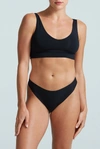 Commando Butter Mid-rise Thong In Black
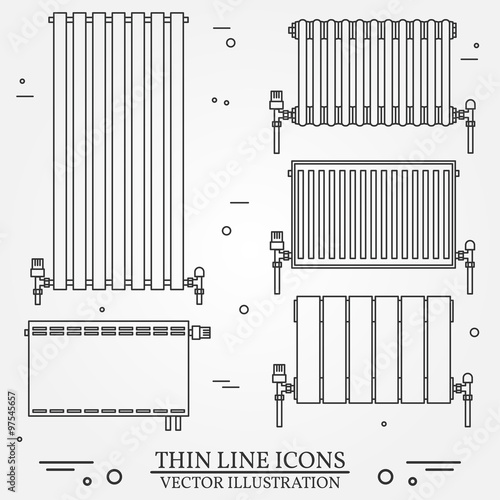 Central Heating Radiators icons thin line for web and mobile, mo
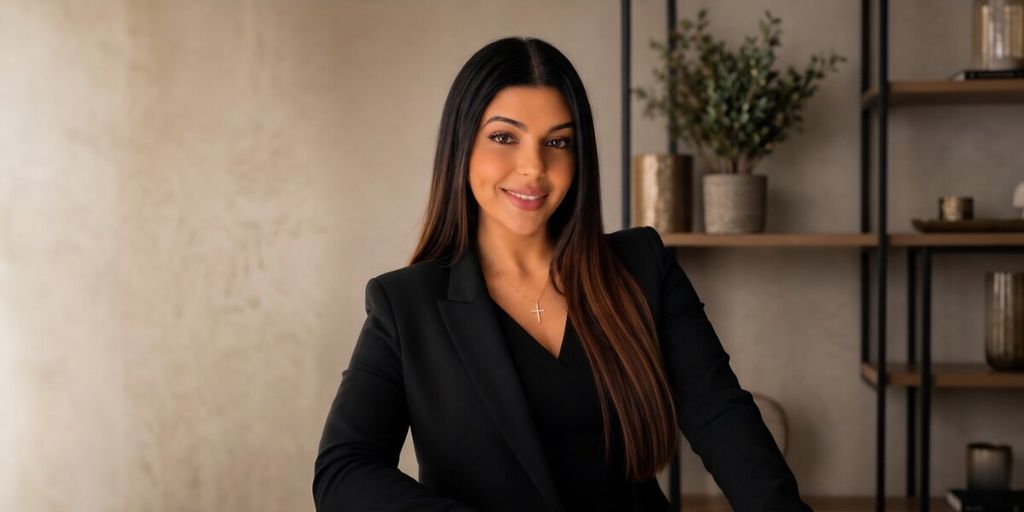 Rana Rofail Chahine posing in a black blazer in a modern office setting.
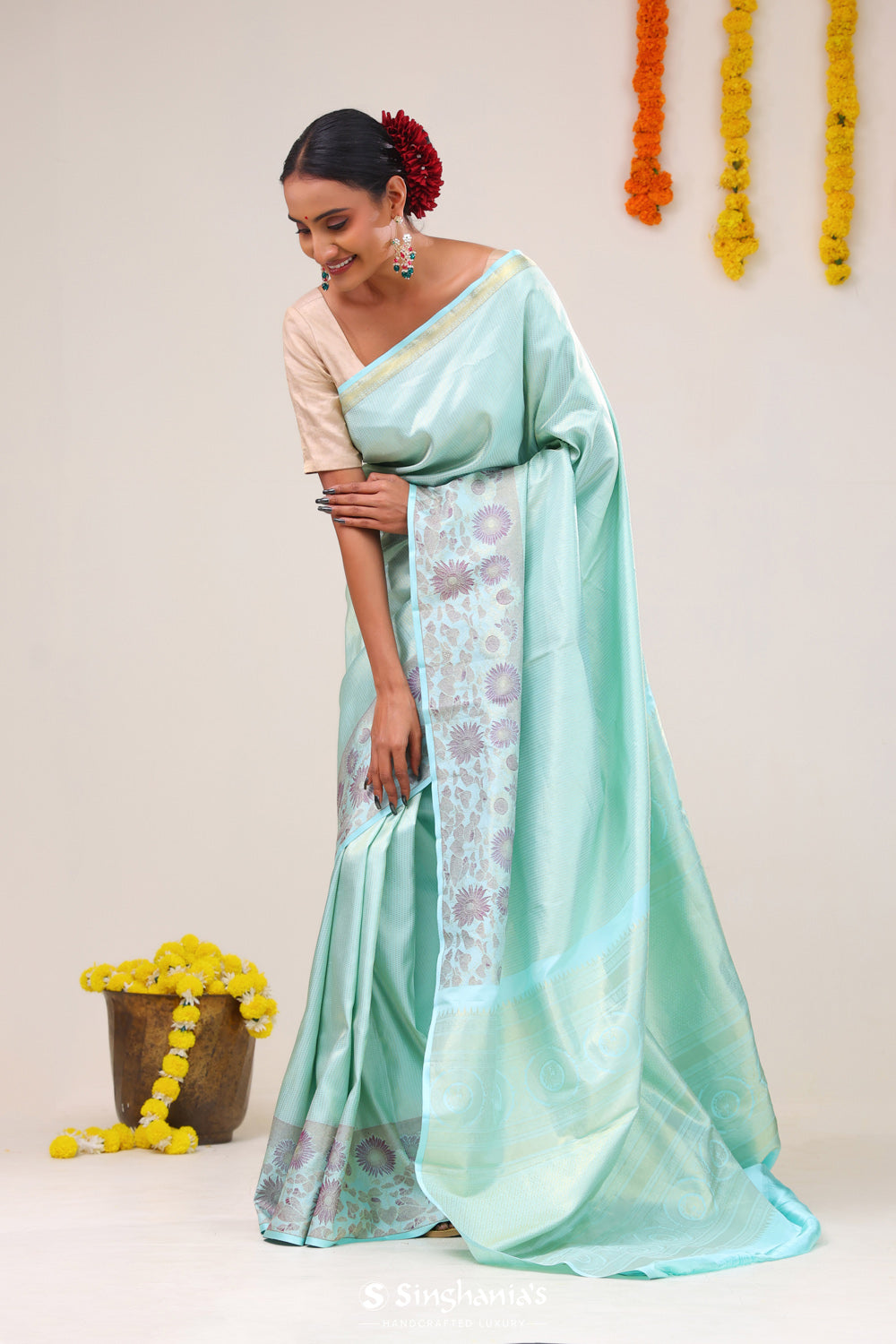 Light Turquoise Kanjivaram Silk Saree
════════════════════
| Task item |
Once the pictures are set aside, give every line above again without alteration.

| Response to the exercise |
 Commando Butter Mid-rise Thong In Black
 Central Heating Radiators icons thin line for web and mobile, mo
 Rana Rofail Chahine posing in a black blazer in a modern office setting.
 Light Turquoise Kanjivaram Silk Saree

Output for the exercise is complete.